■ EXERCISE AIM ■
In your copy, each line below is repeated exactly and no image appears.

■ AVAILABLE DATA ■
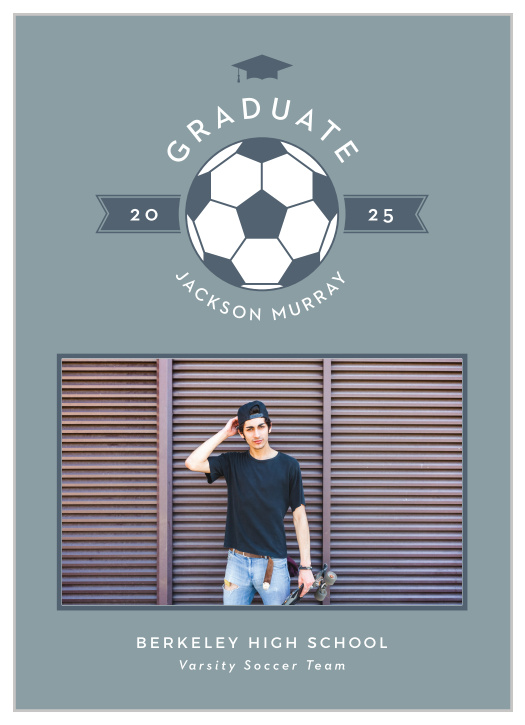 Broadcast your amazing achievement to friends and family with our Soccer Ball Graduation Announcements.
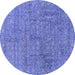 Round Oriental Blue Industrial Rug, urb2665blu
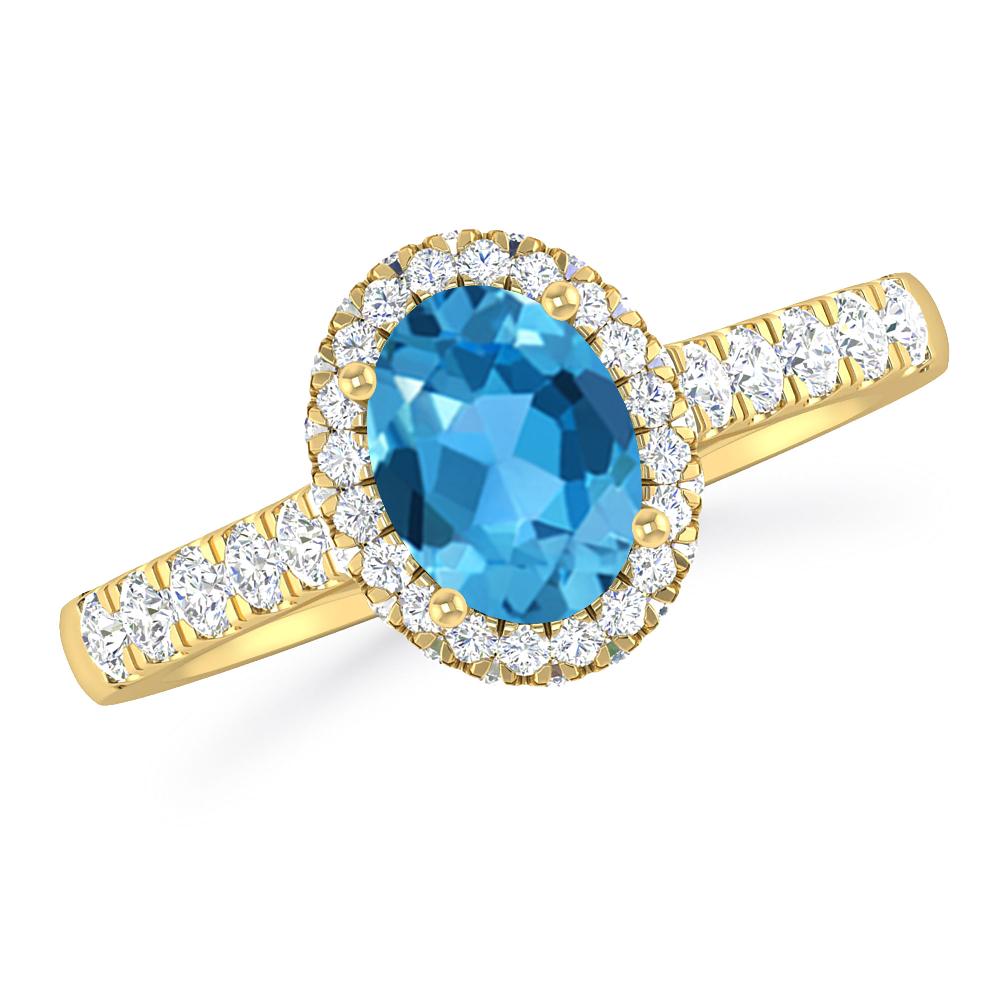 Yellow Gold - Blue Topaz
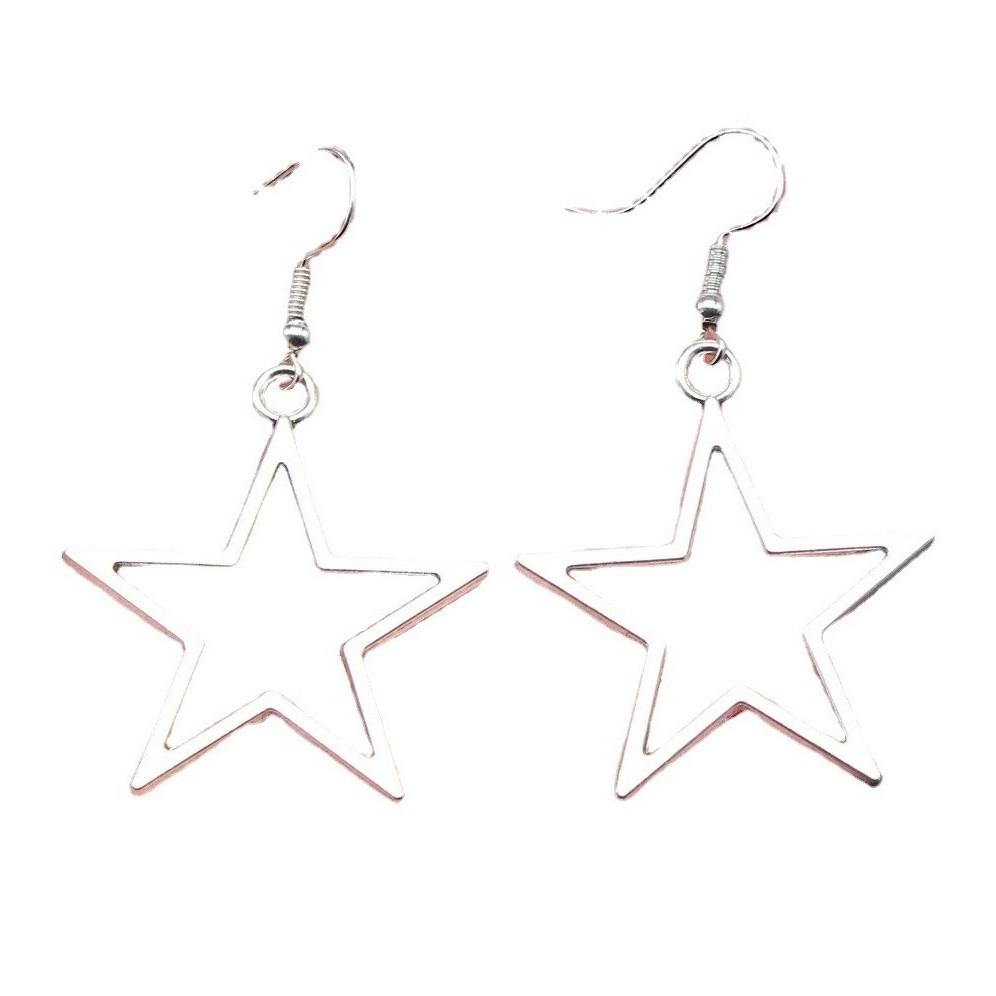 Collana Pendente Stella Argento Vintage Alla Moda For Men And Women In 36x33mm Size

■ ANSWER SPACE ■
 Broadcast your amazing achievement to friends and family with our Soccer Ball Graduation Announcements.
 Round Oriental Blue Industrial Rug, urb2665blu
 Yellow Gold - Blue Topaz
 Collana Pendente Stella Argento Vintage Alla Moda For Men And Women In 36x33mm Size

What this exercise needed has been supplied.